Should ServiceStack be the service layer in an MVC application - http://stackoverflow.com/a/10572977

181 views
Skip to first unread message

Carlos Mendes

unread,
Dec 7, 2012, 7:15:38 PM12/7/12
to servic...@googlegroups.com
Hi,

I was reading this answer on SO and the recommended approach is actually to have both MVC and SS sharing pure C# dependencies.

In a scenario where we want to make an app available as an API I think it could be simpler to call  SS services from MVC controller.

What are the drawbacks (design, abstraction, performance) of Calling ServiceStack services from an MVC Controller? 

public HelloController : ServiceStackController {
    public HelloService HelloService { get; set; } //Autowired

    public void Index(string name) {
       ViewBag.GreetResult = ((HelloResponse)HelloService.Get(name)).Result;
       return View();
    }        
}


Demis Bellot

unread,
Dec 8, 2012, 4:24:22 AM12/8/12
to servic...@googlegroups.com
Abstraction is a matter of taste, it's basically what you see is what you get.

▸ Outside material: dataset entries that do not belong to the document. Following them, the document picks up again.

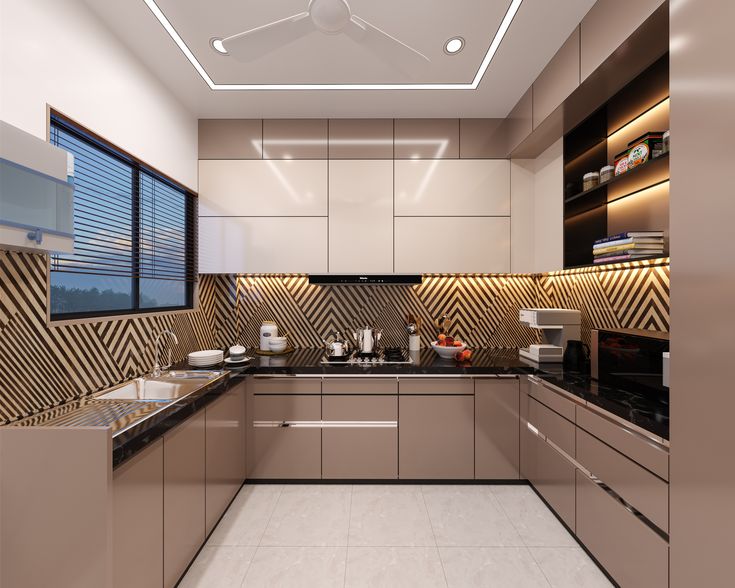 tủ bếp acrylic màu nâu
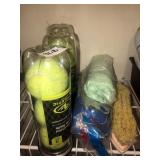 Tennis balls, brush, dog bowl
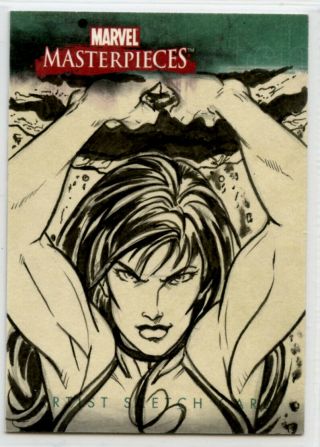 2008 Marvel Masterpieces 3 Sketch Card - Unknown Artist - She Hulk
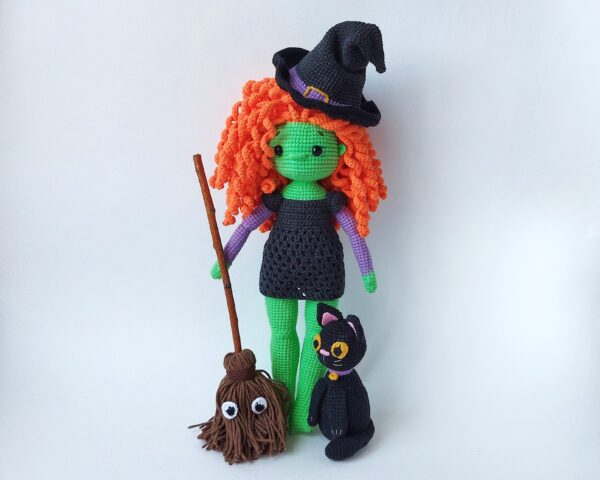 Crochet doll pattern halloween amigurumi. Halloween decor crochet witch.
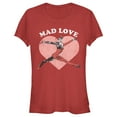 thumbnail image 1 of Junior's Batman Valentine's Day Harley Quinn Mad Love  Graphic Tee Red 2X Large, 1 of 3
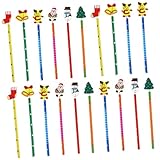 Abaodam 25Stücke Kreative Holzstifte für Weihnachten Lustige Bleistifte im Zufälligen...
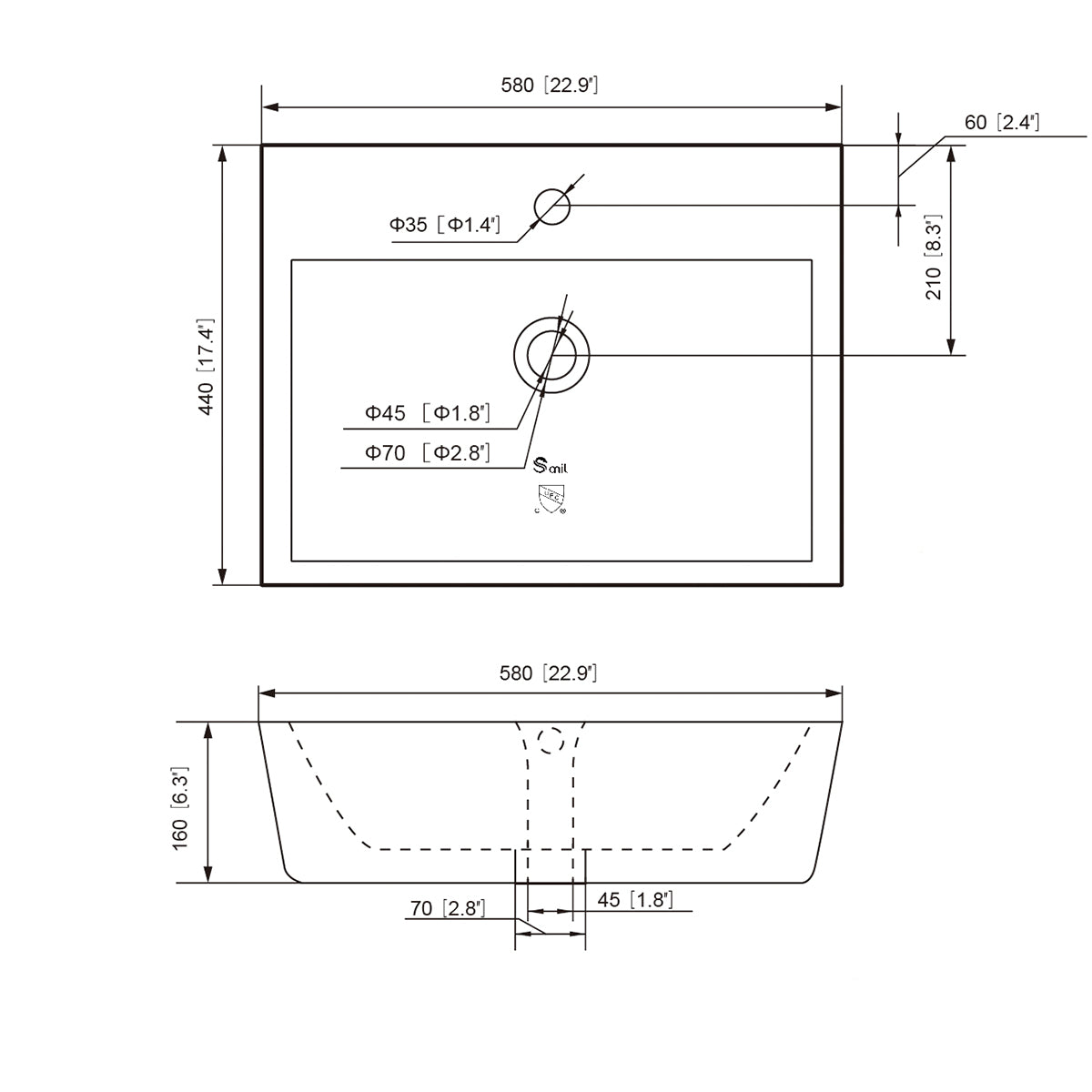 Dimensioned spec drawing of a 23 inch rectangular ceramic vessel sink with top and side views in mm and inches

I like encapsulating my services in ServiceStack services for maximum re-usability.

There was one thing missing in the above which was to inject the current RequestContext which is needed for services that make use of base.Request or base.Response in the Service. I've updated the question to include the recommended way to call a ServiceStack service.

public HelloController : ServiceStackController {

  public void Index(string name) 
  {
    using (var helloService = AppHostBase.Resolve<HelloService>())
    {
       helloService.RequestContext = System.Web.HttpContext.Current.ToRequestContext();

       ViewBag.GreetResult = ((HelloResponse)HelloService.Get(name)).Result;
       return View();
    }
  }        
}

The is also similar to the recommended way of calling another service in ServiceStack: http://stackoverflow.com/a/13710403/85785 (just uses a convenience method on the base class to do the same thing).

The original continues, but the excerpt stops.